If your child was born with either or both of these conditions, your doctor will probably recommend surgery to repair it. Medical professionals have made great advances in treating children with clefts and can do a lot to help your child lead a normal, healthy, happy life.
A team approach. Children born with a cleft lip or palate may need the skills of several medical professionals. In addition to needing plastic surgery to repair the opening, these children may have problems with their feeding and their teeth, their hearing, their speech and their psychological development as they grow up.
For that reason, parents should seek the help of a Cleft Lip and Palate Team as early as possible, to plan for your child's care from birth, or even before. Typically, a Cleft Team might include a plastic surgeon, a pediatrician, a dentist, a speech and language specialist, a social worker, a hearing specialist, an ear-nose-throat specialist, a psychologist, a nurse, and a genetic counselor. With Dr. Lehman's long experience in cleft lip and palate surgery, he can advise you and help you develop a team of doctors right for your child.

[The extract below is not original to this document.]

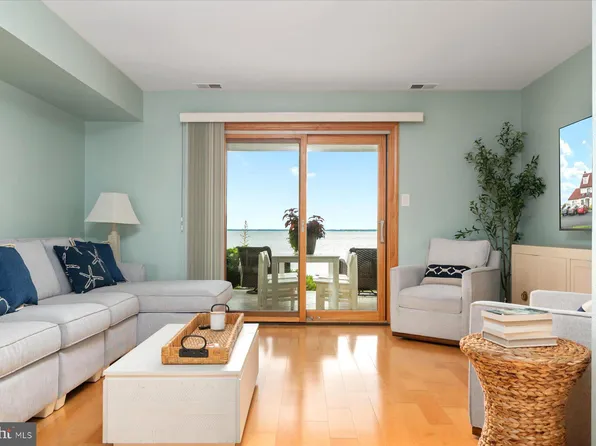 24 Queen Elizabeth Ct, Chester, MD 21619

Tumors, Anomalies and Abnormal Growths
When a child's tumor requires surgery, neurosurgeons, otolaryngologists, and maxillofacial surgeons may all be involved in a multidisciplinary approach, which is often crucial in order to minimize scars and maintain as much normalcy to shape and function as possible.
Craniofacial anomalies may occur in children, too. Craniosynostosis is an example. It occurs when some or all of a child's skull sutures (soft spots) close too early, causing problems with brain and skull growth. When surgical intervention is necessary, the involvement of a team of multi-disciplinary professionals is of utmost importance. Team members may come from plastic surgery, oral and maxillofacial surgery, neurosurgery, audiology, dentistry, orthodontics, and speech and language pathology. These professionals assist not only in surgical procedures, but also in developing coordinated care plans for the child throughout their life.
Another case that often requires a team approach occurs when a young child needs reconstructive otoplasty (outer-ear surgery) to correct overly-large or deformed ears.